- Gestapo photo of Elli Hatschek (October 1943)
- Born: Elli Lotz July 2, 1901 Wetzlar, Germany
- Died: December 8, 1944 (aged 43) Plötzensee Prison
- Cause of death: Execution by guillotine
- Occupation: European Union resistance member
- Criminal charge: Wehrkraftzersetzung
- Criminal penalty: Death
- Spouse: Paul Hatschek

= Elli Hatschek =

Member of the German Resistance (1901–1944)

Elli Hatschek (July 2, 1901 – December 8, 1944) was a member of the German Resistance against Nazism. She was married to Paul Hatschek, a leading member of the resistance group, the European Union and who was arrested by the Gestapo in 1943. Under heavy interrogation, he gave up the names of others in his group, who were then arrested. His wife was also arrested. Though she was not heavily involved, she was charged with "undermining the morale of the military" and was sentenced to death. She was executed by the Nazis at Plötzensee Prison.

== Biography ==
Elli Hatschek, née Lotz, was born in Wetzlar, Germany. She was the second wife of Paul Hatschek, a Ph.D. and engineer of optical and film technology. They lived in Berlin, where he was one of the leading members of the German Resistance group, the European Union and worked to bring about the downfall of the Third Reich. He was recruited by the Soviet Union's military intelligence and tried to provide important information to the Soviets to assist them in expelling their Nazi invaders. He was arrested in 1942 as a member of the Robert Uhrig Group and according to Robert Havemann, had been under Gestapo surveillance for years.

Hatschek was told of her husband's activities and she was supportive. In 1943, the Gestapo observed Paul Hatschek meeting two parachutists. After investigating, the Gestapo arrested Hatschek on September 3, 1943, subjecting him to intensive interrogation that same day. He named fellow Resistance fighters and two days later, the Gestapo arrested every person Hatschek had named. After weeks of interrogation, sometimes brutal, they had over 40 members of the European Union.

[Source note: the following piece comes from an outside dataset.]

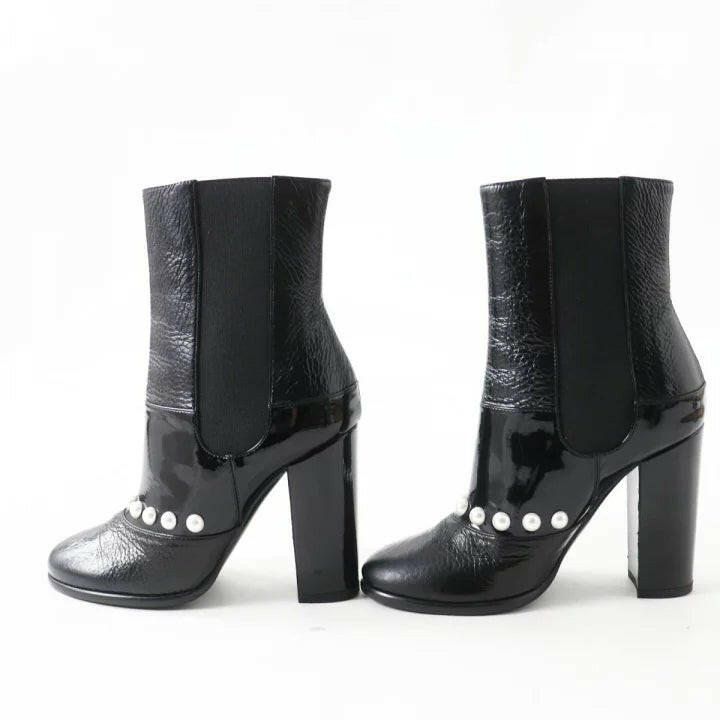 Chanel Black Ankle Boots with Pearl Detail - Size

Elli Hatschek was arrested with her husband. Her husband's daughter, Krista Lavíčková was also arrested. All three were brought before the Nazi court, her husband and his daughter together; Elli Hatschek, some months later. All three were sentenced to death and executed by guillotine, her husband on May 15, 1944, at Brandenburg-Görden Prison, his daughter at Plötzensee on August 11, 1944.

In November 1944, Elli Hatschek was charged with being connected with the European Union and with Wehrkraftzersetzung, a term that means "subversion of the military" and under the Nazis, was a crime that included undermining the war effort. She was convicted and sentenced to death. She was incarcerated at the Barnimstrasse women's prison, where she was one of the 300 prisoners who were executed. She was guillotined on December 8, 1944, at the Plötzensee Prison in Berlin.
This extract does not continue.